Can you have deep learning and artificial intelligence without opening yourself up to intrusive privacy violations. With iOS 10, Apple is claiming you can. Combining on-device processing, thanks to industry-leading silicon, with publicly available online information, and crowd-sourced data culled but not exposed thanks to differential privacy, the more paranoid among us may finally have a viable alternative to Google, Facebook, and the other data farms. It just has to work.
Meanwhile Messages has been delightful, the new notifications and widgets super-convenient, and the entire design more coherent.
I can't wait to see how the Siri, Maps, and Messages apps work out. Going app by app, and domain by domain is risky when competitors are throwing everything at the wall at once, but if Apple can nail the experience — and nail it internationally — it'll be better for everyone. At least for everyone on Apple's platforms.
Nice update. Nothing overly exciting. Opening up Siri is great, if it were actually opened up. A handful of app types doesn't do it for me. Open up Siri to everyone. Apple says it's coming. Let's see how it goes. Emoji everywhere? Yikes…. So not looking forward to folk overusing this. Might be the best reason for me to block you.
What will you remember most about your WWDC experience?
This was the third WWDC keynote I've attended, and quite possibly the best. Not for the content on-stage — for the venue. Right before the keynote started, with Beats 1 cruising in the background, I looked around to see thousands of excited developers, engineers, and media surrounding me on all sides in the Bill Graham Auditorium. Their pre-show — and mid-keynote — energy was undeniable, and such a different experience than watching the keynote up in Moscone West, where all the chairs are laid out on the flat in rows, with no real sense of the community around you.

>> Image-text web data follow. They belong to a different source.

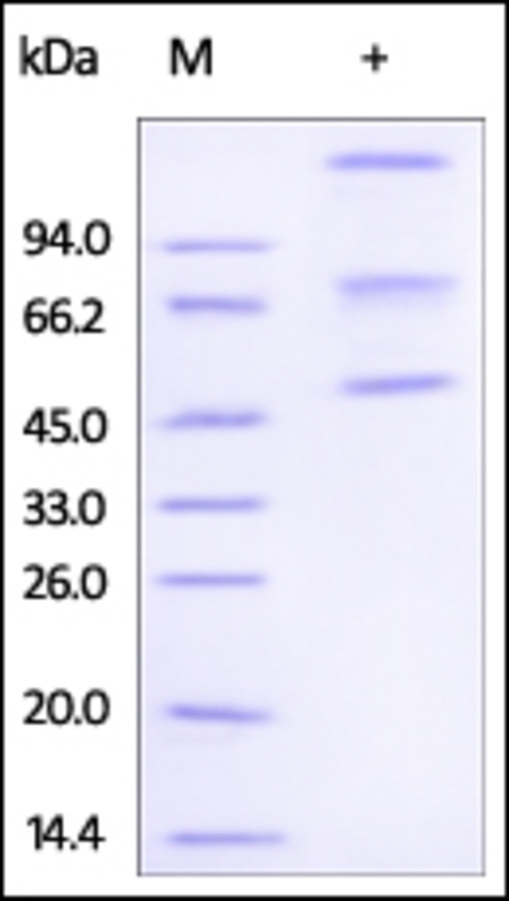 ADAM8 Recombinant Protein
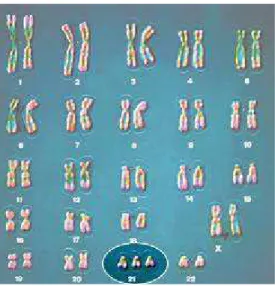 Figura 1 - Genótipo humano - cromossoma 21 com três pares, adaptado 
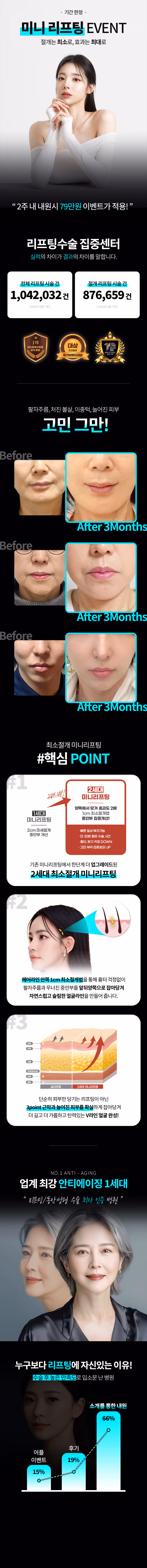 스마일라식 이벤트 혜택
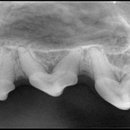 디지레이 이미지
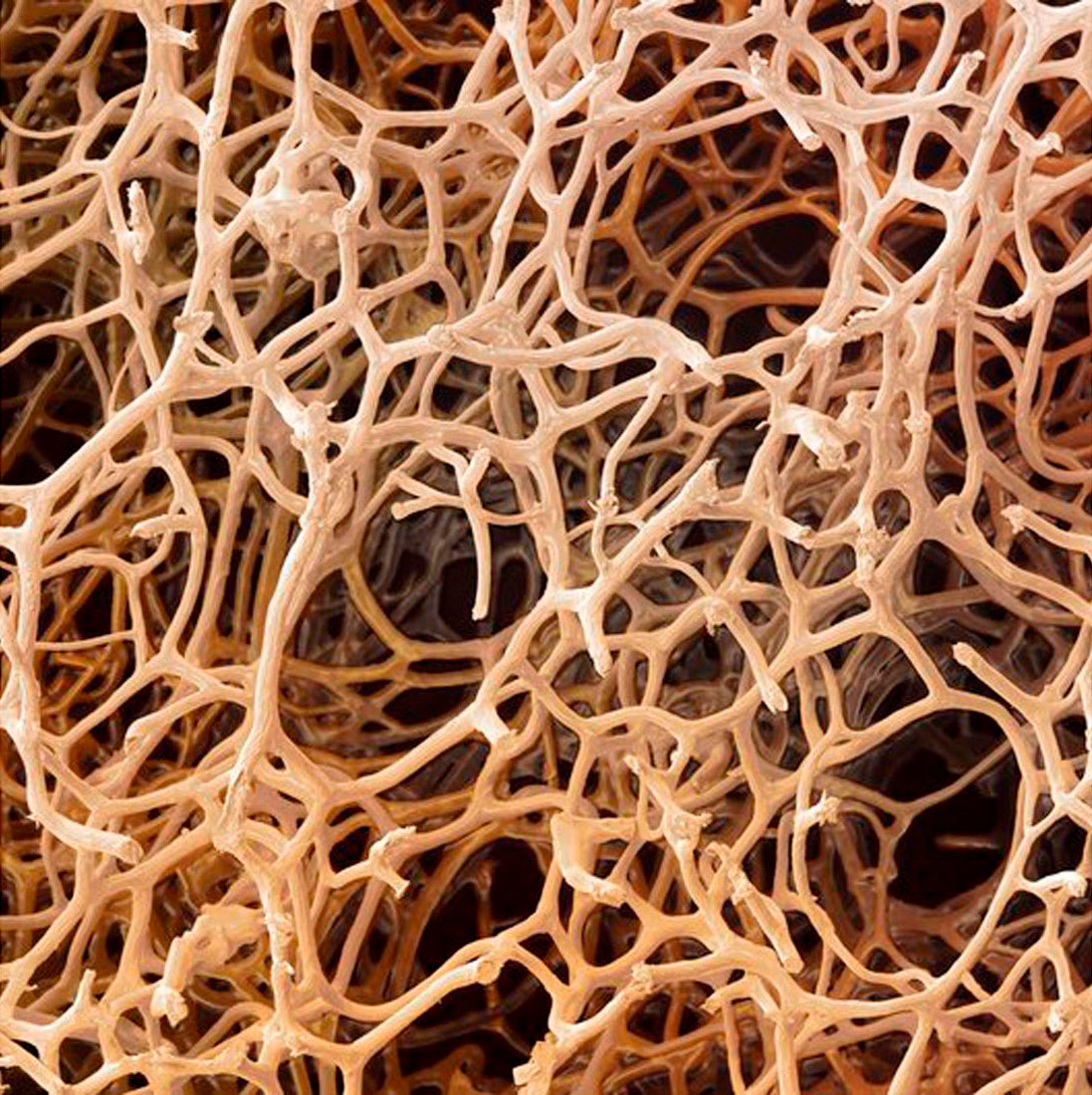 Slika prikazuje niti spongina. Sastoji se od vrlo velikog broja isprepletenih končića bijelo-sive boje koji čine gustu mrežu.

In the early hours of the morning on June 13th, I walked through the quiet streets of San Francisco, past billion-dollar startups and homeless people huddled in corners. I sat on a bench with some superb coffee and thought about why this city is so beloved, in spite of its astronomical living costs. But then the sun pierced the cold fog, and I felt the heat, and finished my superb coffee, and spent the rest of the day interacting with some of the best people in the world. It was a great day.

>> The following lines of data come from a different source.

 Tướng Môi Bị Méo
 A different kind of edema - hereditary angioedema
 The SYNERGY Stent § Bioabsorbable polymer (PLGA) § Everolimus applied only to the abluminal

This was my first time at WWDC, and the one thing that really stood out to me was how much of a community Apple has created. I've heard the term, and even used it myself a few times, but it really hits home just how much people come together over Apple's technology. It's not unlike attending a Star Wars convention. Everyone there is excited about the same thing and we all bond over talking about what we love.

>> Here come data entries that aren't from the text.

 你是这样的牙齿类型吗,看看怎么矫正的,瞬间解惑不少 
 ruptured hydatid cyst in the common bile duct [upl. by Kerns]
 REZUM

The developers I talked to were all excited about what's to come. They are already working on ideas for how they can implement the many tools that Apple has finally opened up to them. The best of the best will rise to the top when iOS 10 comes out this fall.
Something that stood out to me during the keynote wasn't related to technology at all, actually. At the beginning of the event, Tim Cook came out on stage and asked that everyone take a moment of silence in honor of the victims of the Orlando tragedy. I don't think Apple of yesteryear would have asked for a moment of silence. I like The New Apple, and I'm proud to call myself an Apple customer and supporter.
The efforts of everyone involved, from those building and showing things off at Apple, to everyone who travelled and spent time and money to be there, to staffs at all the restaurants, bars, and venues who took such great care of everyone.
WWDC is the only remaining time and place where we all get together, and to me that in and of itself it immensely memorable.